## WHAT THIS TASK INVOLVES
Repeat the lines below exactly as they appear, but leave out the images.

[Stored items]
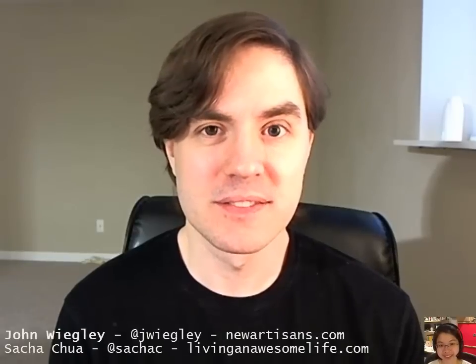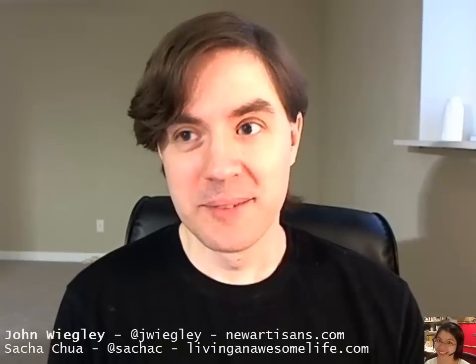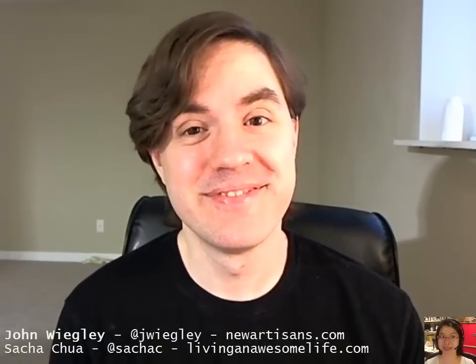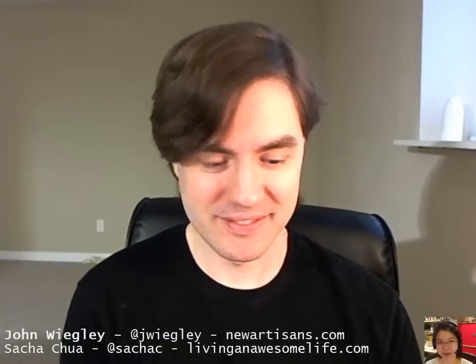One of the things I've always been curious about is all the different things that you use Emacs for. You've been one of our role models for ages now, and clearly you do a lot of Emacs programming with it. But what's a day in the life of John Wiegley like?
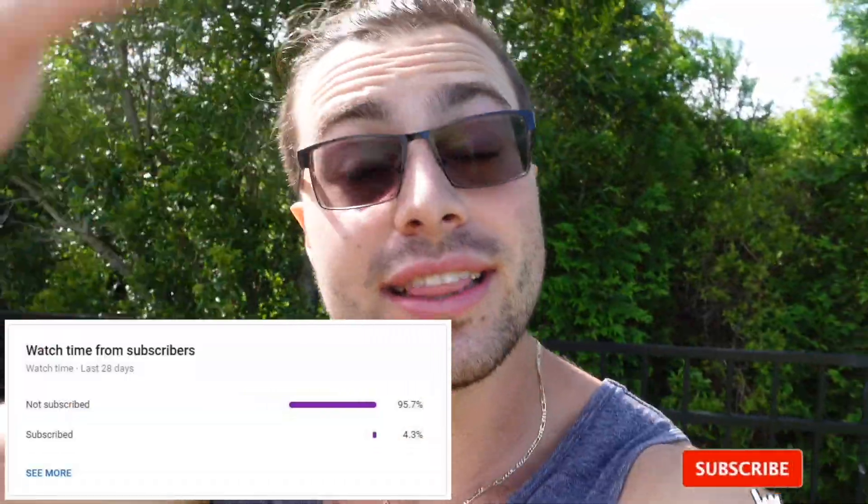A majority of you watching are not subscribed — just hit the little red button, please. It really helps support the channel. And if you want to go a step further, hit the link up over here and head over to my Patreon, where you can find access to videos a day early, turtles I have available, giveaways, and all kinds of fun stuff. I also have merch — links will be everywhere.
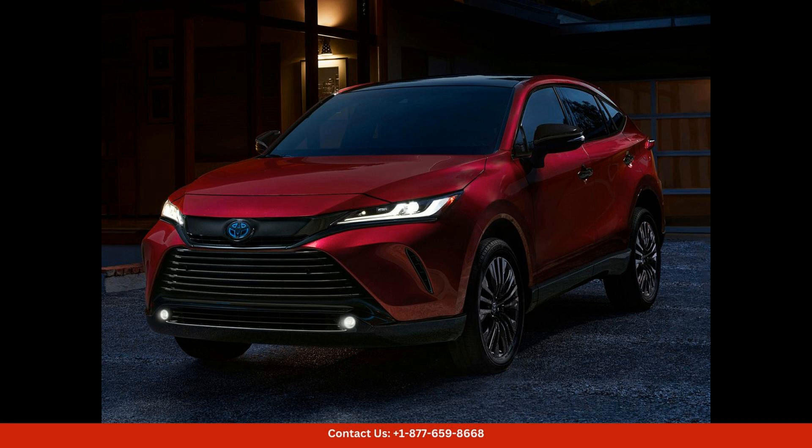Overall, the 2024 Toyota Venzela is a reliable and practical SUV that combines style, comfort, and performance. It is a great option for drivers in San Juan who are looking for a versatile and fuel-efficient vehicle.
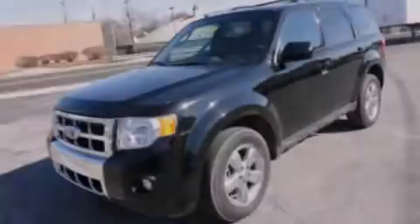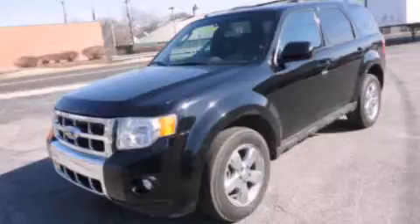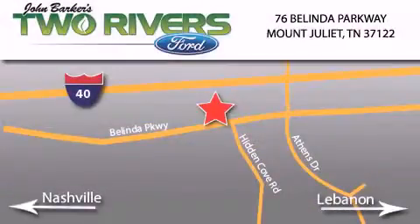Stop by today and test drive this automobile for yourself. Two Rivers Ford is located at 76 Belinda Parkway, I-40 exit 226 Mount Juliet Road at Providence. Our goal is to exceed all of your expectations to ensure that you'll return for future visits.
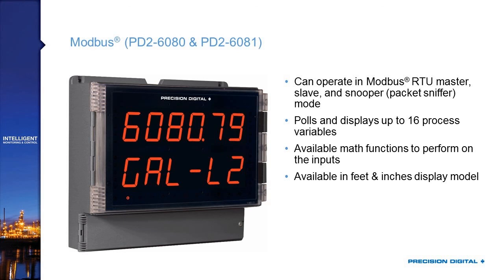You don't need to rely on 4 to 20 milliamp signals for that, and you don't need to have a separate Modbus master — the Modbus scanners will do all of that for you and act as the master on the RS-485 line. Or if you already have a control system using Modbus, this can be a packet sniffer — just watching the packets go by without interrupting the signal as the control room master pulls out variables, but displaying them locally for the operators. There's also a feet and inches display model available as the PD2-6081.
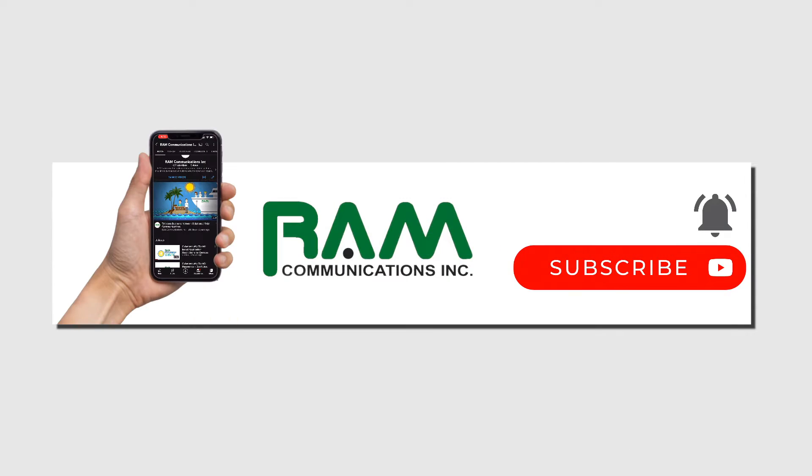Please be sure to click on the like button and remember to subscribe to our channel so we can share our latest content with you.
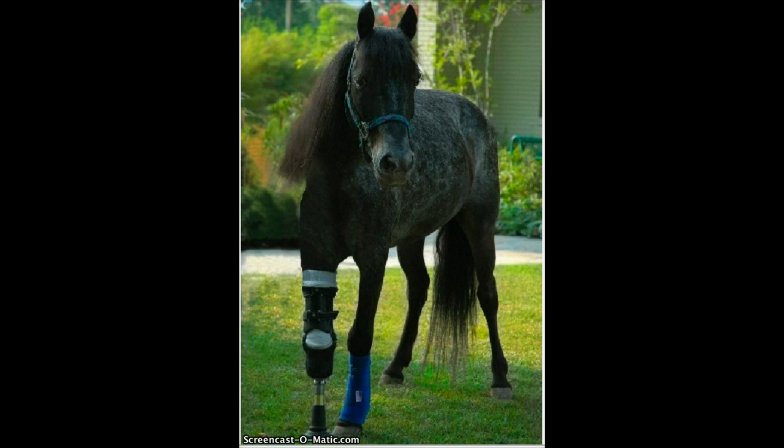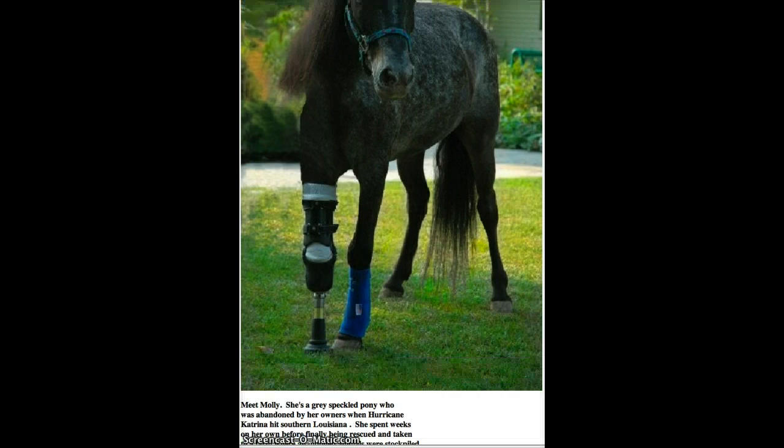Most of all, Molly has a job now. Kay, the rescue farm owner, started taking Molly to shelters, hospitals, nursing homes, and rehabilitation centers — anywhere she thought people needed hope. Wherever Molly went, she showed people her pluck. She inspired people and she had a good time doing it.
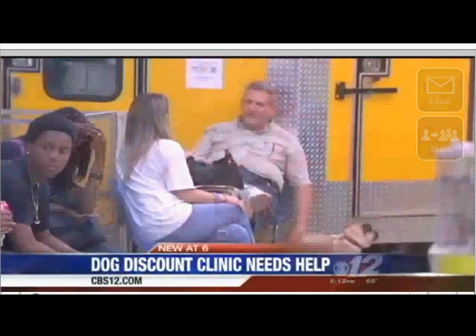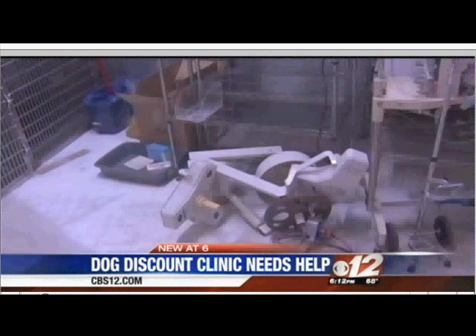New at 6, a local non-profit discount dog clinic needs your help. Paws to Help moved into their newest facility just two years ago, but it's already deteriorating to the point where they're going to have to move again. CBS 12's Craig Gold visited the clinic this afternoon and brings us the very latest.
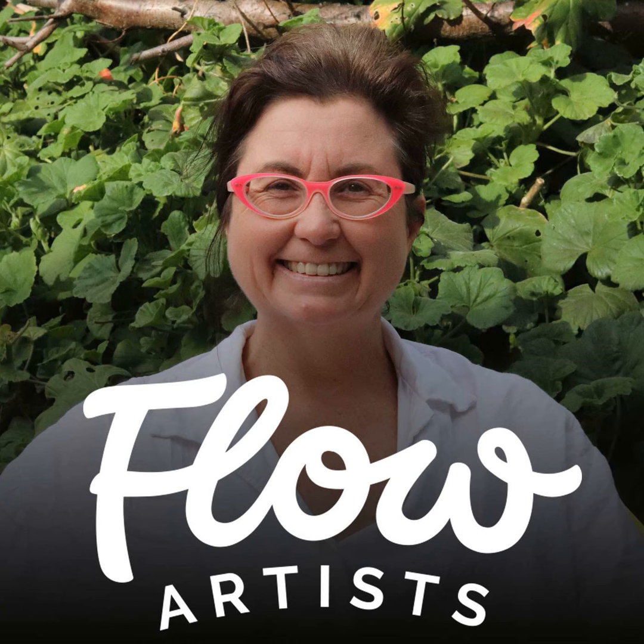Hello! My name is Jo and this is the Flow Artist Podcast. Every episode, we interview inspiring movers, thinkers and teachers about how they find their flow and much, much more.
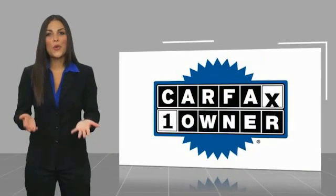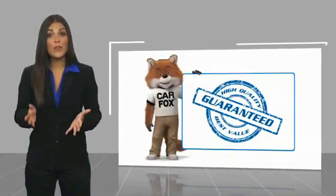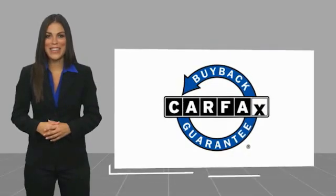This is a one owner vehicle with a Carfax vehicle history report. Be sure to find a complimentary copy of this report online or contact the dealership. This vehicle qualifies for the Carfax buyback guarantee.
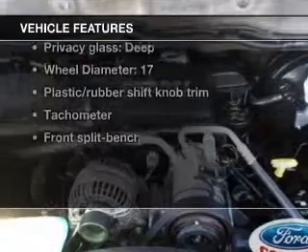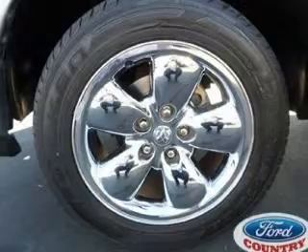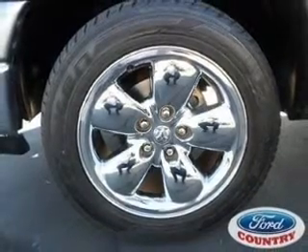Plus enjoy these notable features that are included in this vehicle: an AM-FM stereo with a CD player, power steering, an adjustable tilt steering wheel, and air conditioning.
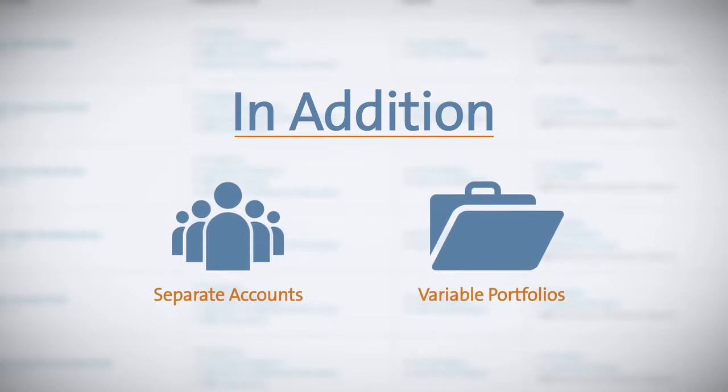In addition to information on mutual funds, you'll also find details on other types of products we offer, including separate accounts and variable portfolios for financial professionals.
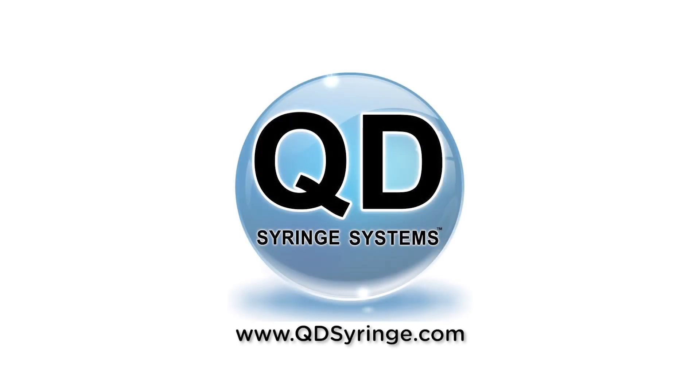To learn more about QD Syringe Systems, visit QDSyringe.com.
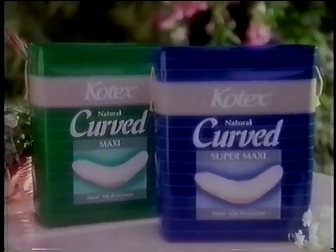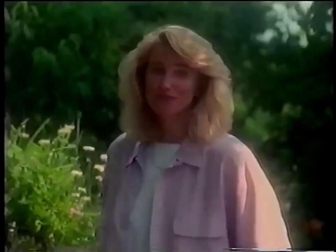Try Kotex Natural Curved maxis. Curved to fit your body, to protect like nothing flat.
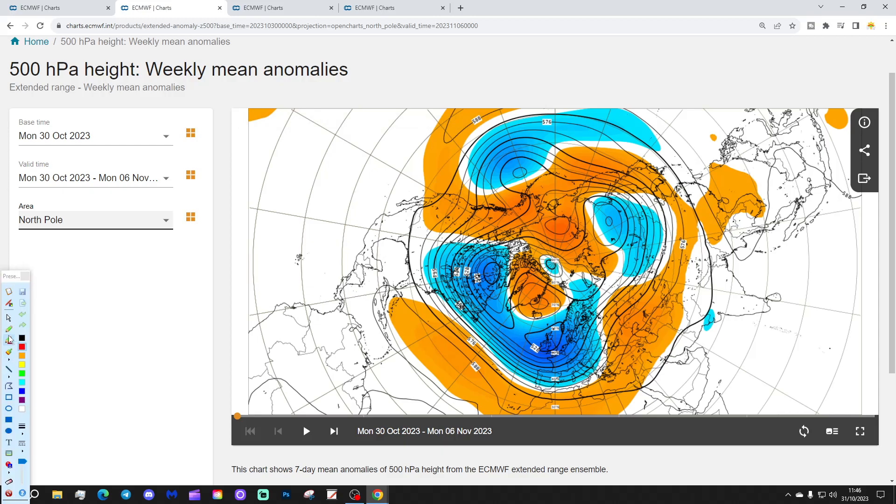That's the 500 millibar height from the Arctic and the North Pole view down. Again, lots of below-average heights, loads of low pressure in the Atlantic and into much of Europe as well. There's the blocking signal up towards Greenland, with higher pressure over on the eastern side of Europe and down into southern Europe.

## TASK ANSWER
One of the things I've always been curious about is all the different things that you use Emacs for. You've been one of our role models for ages now, and clearly you do a lot of Emacs programming with it. But what's a day in the life of John Wiegley like?
A majority of you watching are not subscribed — just hit the little red button, please. It really helps support the channel. And if you want to go a step further, hit the link up over here and head over to my Patreon, where you can find access to videos a day early, turtles I have available, giveaways, and all kinds of fun stuff. I also have merch — links will be everywhere.
Overall, the 2024 Toyota Venzela is a reliable and practical SUV that combines style, comfort, and performance. It is a great option for drivers in San Juan who are looking for a versatile and fuel-efficient vehicle.
Stop by today and test drive this automobile for yourself. Two Rivers Ford is located at 76 Belinda Parkway, I-40 exit 226 Mount Juliet Road at Providence. Our goal is to exceed all of your expectations to ensure that you'll return for future visits.
You don't need to rely on 4 to 20 milliamp signals for that, and you don't need to have a separate Modbus master — the Modbus scanners will do all of that for you and act as the master on the RS-485 line. Or if you already have a control system using Modbus, this can be a packet sniffer — just watching the packets go by without interrupting the signal as the control room master pulls out variables, but displaying them locally for the operators. There's also a feet and inches display model available as the PD2-6081.
Please be sure to click on the like button and remember to subscribe to our channel so we can share our latest content with you.
Most of all, Molly has a job now. Kay, the rescue farm owner, started taking Molly to shelters, hospitals, nursing homes, and rehabilitation centers — anywhere she thought people needed hope. Wherever Molly went, she showed people her pluck. She inspired people and she had a good time doing it.
New at 6, a local non-profit discount dog clinic needs your help. Paws to Help moved into their newest facility just two years ago, but it's already deteriorating to the point where they're going to have to move again. CBS 12's Craig Gold visited the clinic this afternoon and brings us the very latest.
Hello! My name is Jo and this is the Flow Artist Podcast. Every episode, we interview inspiring movers, thinkers and teachers about how they find their flow and much, much more.
This is a one owner vehicle with a Carfax vehicle history report. Be sure to find a complimentary copy of this report online or contact the dealership. This vehicle qualifies for the Carfax buyback guarantee.
Plus enjoy these notable features that are included in this vehicle: an AM-FM stereo with a CD player, power steering, an adjustable tilt steering wheel, and air conditioning.
In addition to information on mutual funds, you'll also find details on other types of products we offer, including separate accounts and variable portfolios for financial professionals.
To learn more about QD Syringe Systems, visit QDSyringe.com.
Try Kotex Natural Curved maxis. Curved to fit your body, to protect like nothing flat.
That's the 500 millibar height from the Arctic and the North Pole view down. Again, lots of below-average heights, loads of low pressure in the Atlantic and into much of Europe as well. There's the blocking signal up towards Greenland, with higher pressure over on the eastern side of Europe and down into southern Europe.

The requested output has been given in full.